We will use the `gpt-4o-mini` model with a `temperature` of `0.0`:

In [2]:
import os
from getpass import getpass
from langchain_openai import ChatOpenAI

os.environ["OPENAI_API_KEY"] = os.getenv("OPENAI_API_KEY") \
    or getpass("Enter your OpenAI API key: ")

llm = ChatOpenAI(
    model_name="gpt-4o-mini",
    temperature=0.0,
)

In [3]:
llm_out = llm.invoke("Hello there")
llm_out

AIMessage(content='Hello! How can I assist you today?', additional_kwargs={'refusal': None}, response_metadata={'token_usage': {'completion_tokens': 10, 'prompt_tokens': 9, 'total_tokens': 19, 'completion_tokens_details': {'accepted_prediction_tokens': 0, 'audio_tokens': 0, 'reasoning_tokens': 0, 'rejected_prediction_tokens': 0}, 'prompt_tokens_details': {'audio_tokens': 0, 'cached_tokens': 0}}, 'model_name': 'gpt-4o-mini-2024-07-18', 'system_fingerprint': 'fp_72ed7ab54c', 'finish_reason': 'stop', 'logprobs': None}, id='run-6d3d0f4c-5e97-48bd-b6ae-8b553975f279-0', usage_metadata={'input_tokens': 9, 'output_tokens': 10, 'total_tokens': 19, 'input_token_details': {'audio': 0, 'cache_read': 0}, 'output_token_details': {'audio': 0, 'reasoning': 0}})

Then we define our output parser, this will be used to parse the output of the LLM. In this case, we will use the `StrOutputParser` which will parse the `AIMessage` output from our LLM into a single string.

In [4]:
from langchain.schema.output_parser import StrOutputParser

output_parser = StrOutputParser()

In [5]:
out = output_parser.invoke(llm_out)
out

'Hello! How can I assist you today?'

Through the `LLMChain` class we can place each of our components into a linear `chain`.

In [6]:
from langchain.chains import LLMChain

chain = LLMChain(prompt=prompt, llm=llm, output_parser=output_parser)
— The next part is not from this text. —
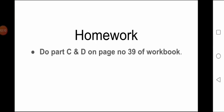Next is homework: do Part C and D on page number 39 of the workbook. This is our lesson. Take care. Goodbye.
  chain = LLMChain(prompt=prompt, llm=llm, output_parser=output_parser)


Note that the `LLMChain` _was_ deprecated in LangChain `0.1.17`, the expected way of constructing these chains today is through LCEL, which we'll cover in a moment.

We can `invoke` our `chain`, providing a `topic` that we'd like to be researched.

In [7]:
result = chain.invoke("retrieval augmented generation")
result

{'topic': 'retrieval augmented generation',
 'text': "### Report on Retrieval-Augmented Generation (RAG)\n\n#### Introduction\nRetrieval-Augmented Generation (RAG) is an innovative approach that combines the strengths of information retrieval and natural language generation. This method enhances the capabilities of language models by allowing them to access external knowledge sources, thereby improving the accuracy and relevance of generated responses.\n\n#### Concept Overview\nRAG operates on the principle of integrating a retrieval mechanism with a generative model. The process typically involves two main components:\n\n1. **Retrieval Component**: This part of the system retrieves relevant documents or pieces of information from a large corpus based on a given query. It often employs techniques such as dense vector representations and similarity search to identify the most pertinent data.\n\n2. **Generation Component**: Once relevant information is retrieved, a generative model (ofte

We can view a formatted version of this output using the `Markdown` display:

In [8]:
from IPython.display import display, Markdown

display(Markdown(result["text"]))

### Report on Retrieval-Augmented Generation (RAG)

#### Introduction
Retrieval-Augmented Generation (RAG) is an innovative approach that combines the strengths of information retrieval and natural language generation. This method enhances the capabilities of language models by allowing them to access external knowledge sources, thereby improving the accuracy and relevance of generated responses.

#### Concept Overview
RAG operates on the principle of integrating a retrieval mechanism with a generative model. The process typically involves two main components:

1. **Retrieval Component**: This part of the system retrieves relevant documents or pieces of information from a large corpus based on a given query. It often employs techniques such as dense vector representations and similarity search to identify the most pertinent data.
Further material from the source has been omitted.